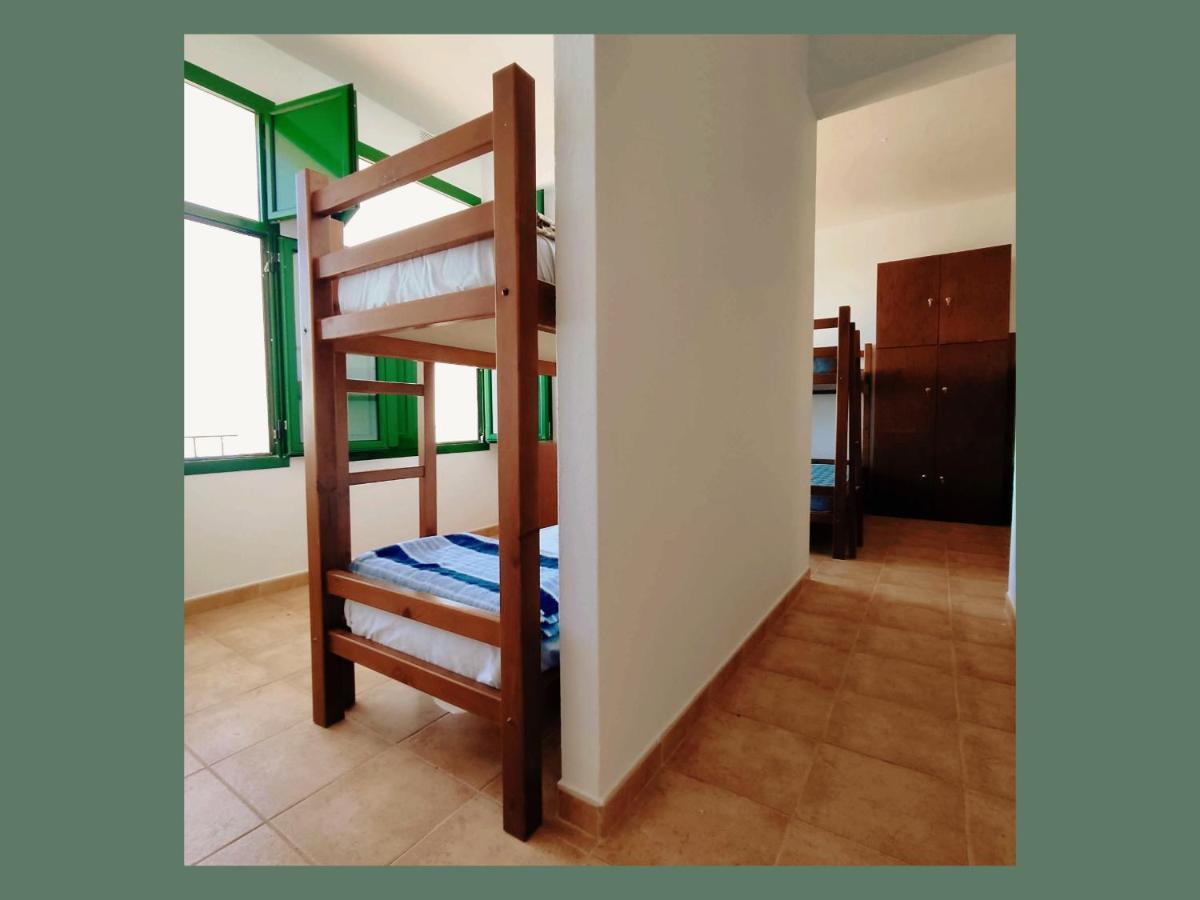 Hostal Albergue Garafia El Tablado Екстериор снимка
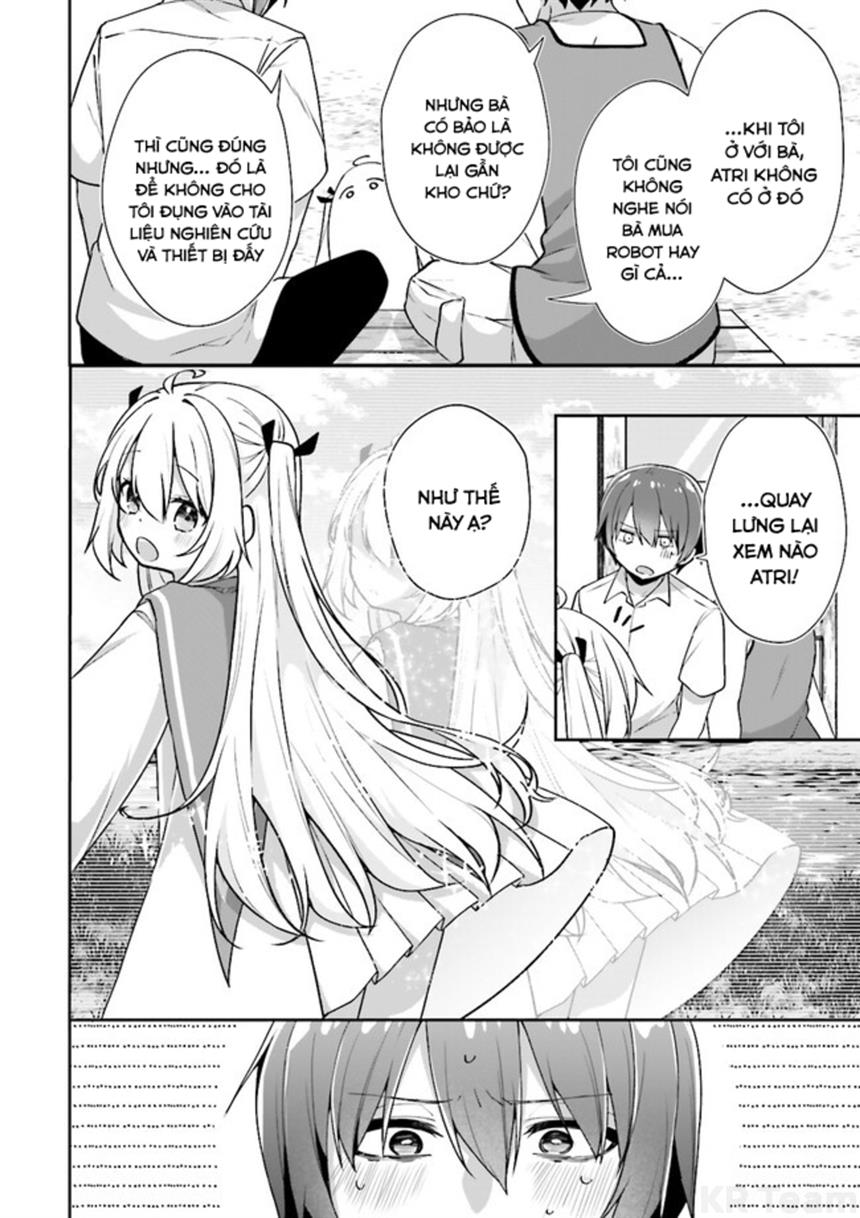 Atri – Những Hồi Ức Thân Thương Chapter 10 - Trang 2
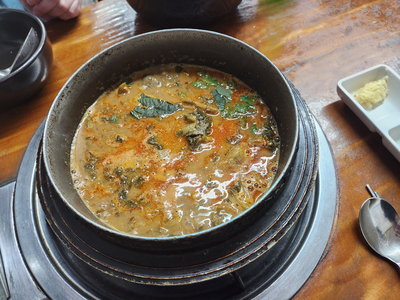  [서울대입구역 맛집] 미추 원주 추어탕 서울 본점 - 몸 허할 때 먹으면 좋은 보양식 추천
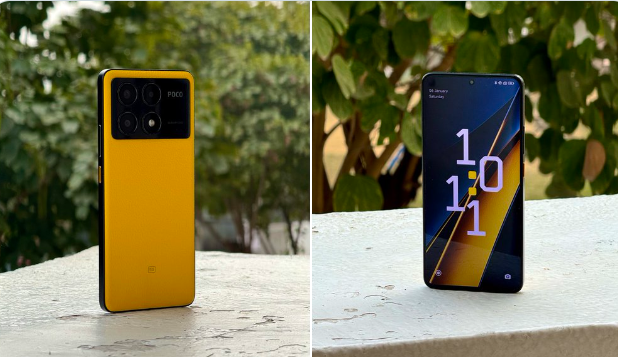 POCO X6 Pro Review: A Visual Feast with 1.5K Display, 120Hz Refresh Rate, and Dimensity 8300 Ultra – Unleashing Power Under Rs 30K!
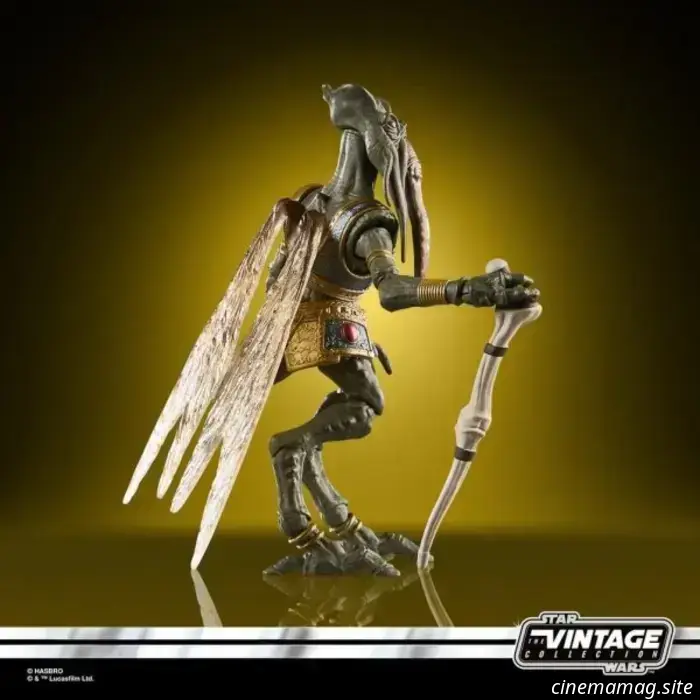 Rivelate le action figure di Generale Veers, del comandante Snowtrooper, di Poggle il Minore e di Greedo della collezione Star Wars: The Vintage Collection di Hasbro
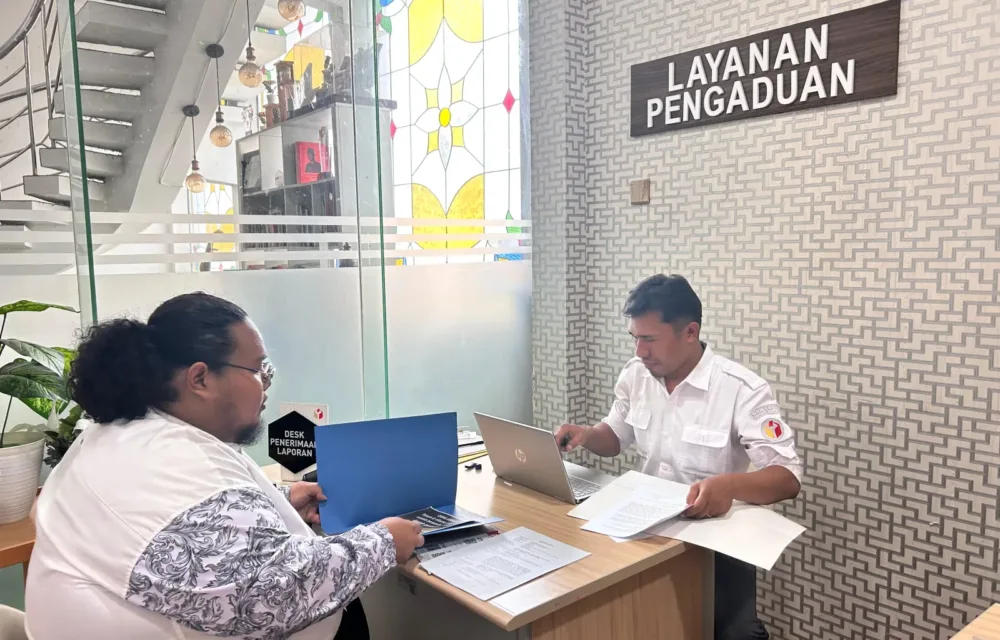Cagub Dan Cawagub Banten Di Laporkan Ke Bawaslu Usai Kampanye Di Pesantren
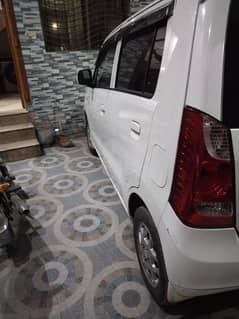 Suzuki Wagon R 2021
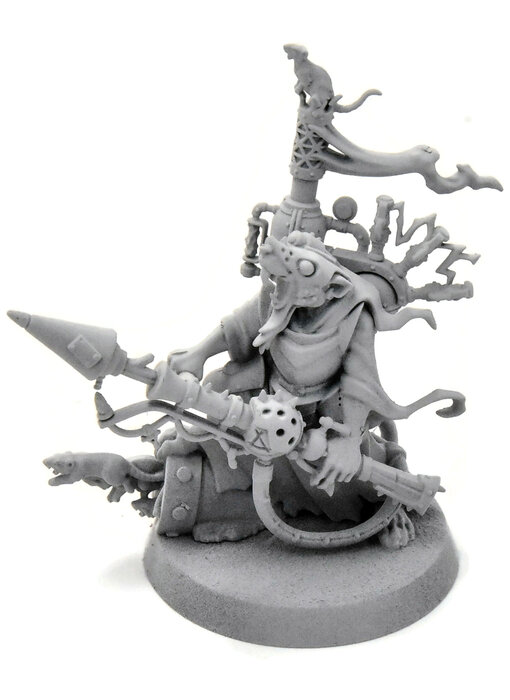 SKAVEN Warlock Bombardier #1 Sigmar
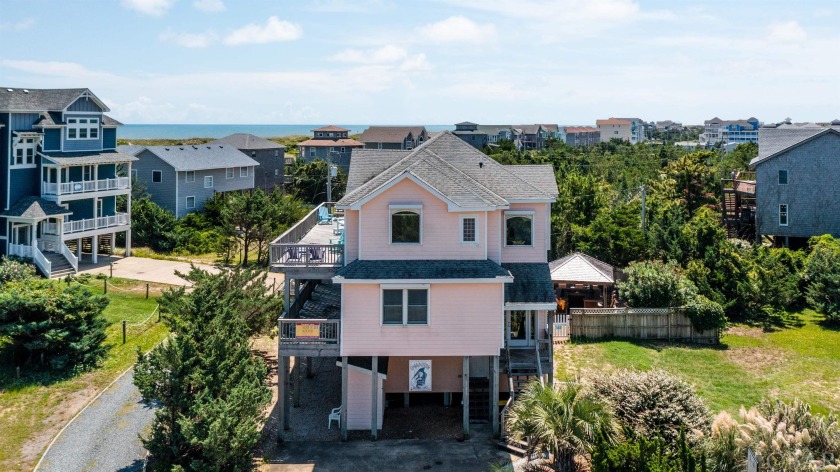 STUNNING INVESTMENT OPPORTUNITY! An oceanfront experience with - Beach Home for sale in Salvo, North Carolina on Beachhouse.com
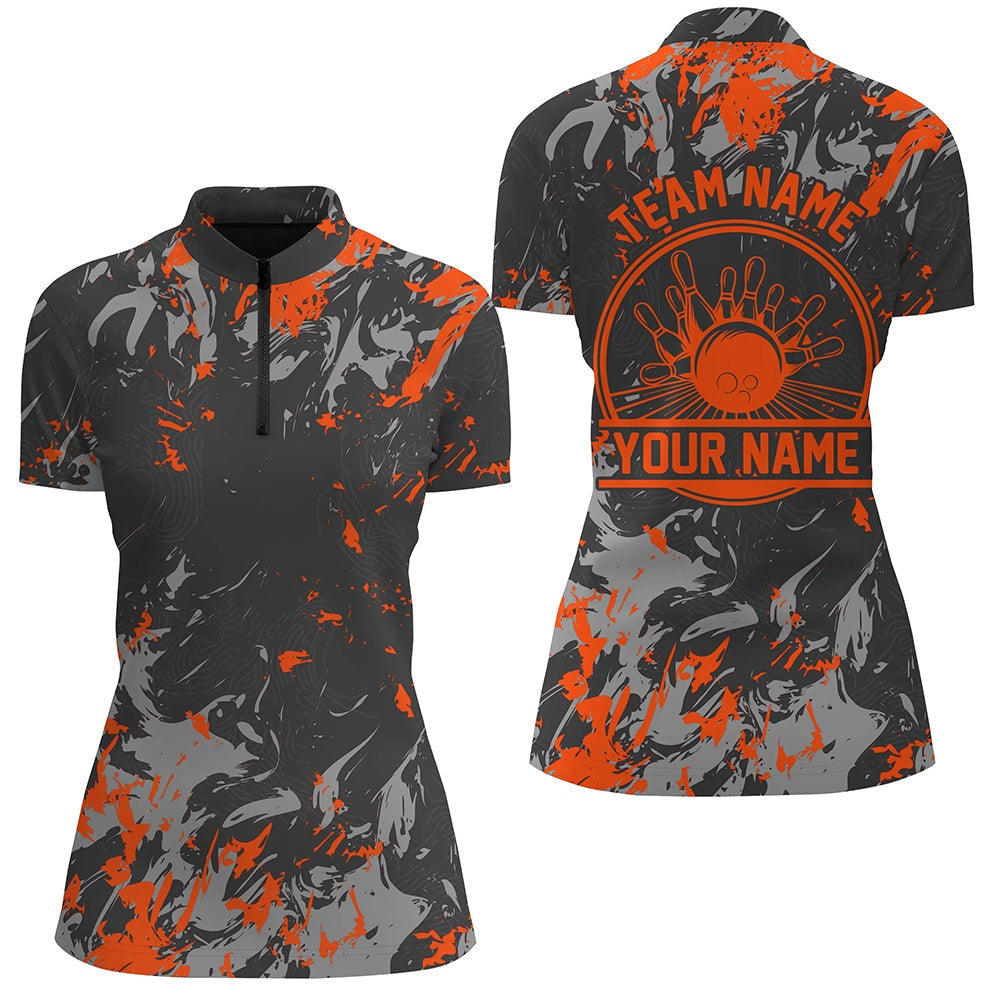 Bowling Shirts Personalized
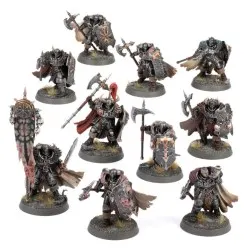Slaves to Darkness: Guerriers du Chaos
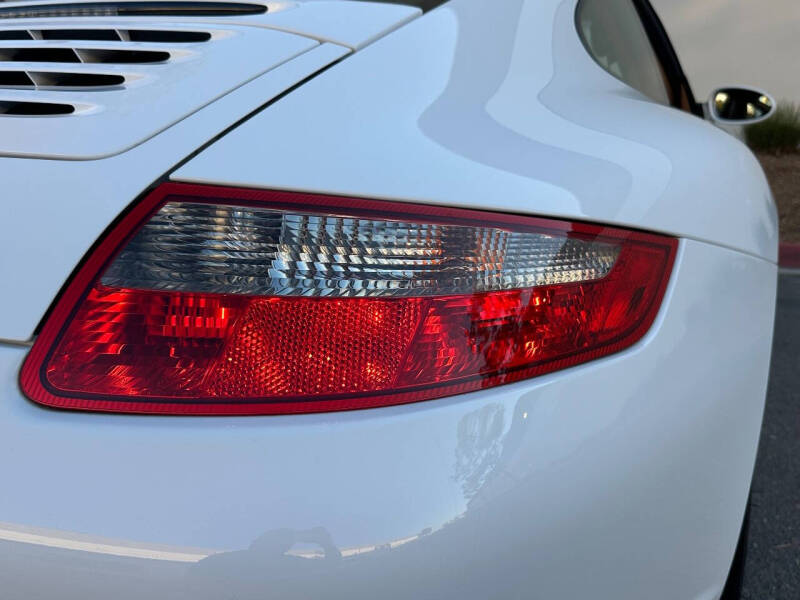 2006 Porsche 911 Carrera S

*AIM OF THE TASK*
Skipping all pictures, set the listing down exactly as written.

*RESULT OF THE TASK*
 Hostal Albergue Garafia El Tablado Екстериор снимка
 Atri – Những Hồi Ức Thân Thương Chapter 10 - Trang 2
  [서울대입구역 맛집] 미추 원주 추어탕 서울 본점 - 몸 허할 때 먹으면 좋은 보양식 추천
 POCO X6 Pro Review: A Visual Feast with 1.5K Display, 120Hz Refresh Rate, and Dimensity 8300 Ultra – Unleashing Power Under Rs 30K!
 Rivelate le action figure di Generale Veers, del comandante Snowtrooper, di Poggle il Minore e di Greedo della collezione Star Wars: The Vintage Collection di Hasbro
Cagub Dan Cawagub Banten Di Laporkan Ke Bawaslu Usai Kampanye Di Pesantren
 Suzuki Wagon R 2021
 SKAVEN Warlock Bombardier #1 Sigmar
 STUNNING INVESTMENT OPPORTUNITY! An oceanfront experience with - Beach Home for sale in Salvo, North Carolina on Beachhouse.com
 Bowling Shirts Personalized
Slaves to Darkness: Guerriers du Chaos
 2006 Porsche 911 Carrera S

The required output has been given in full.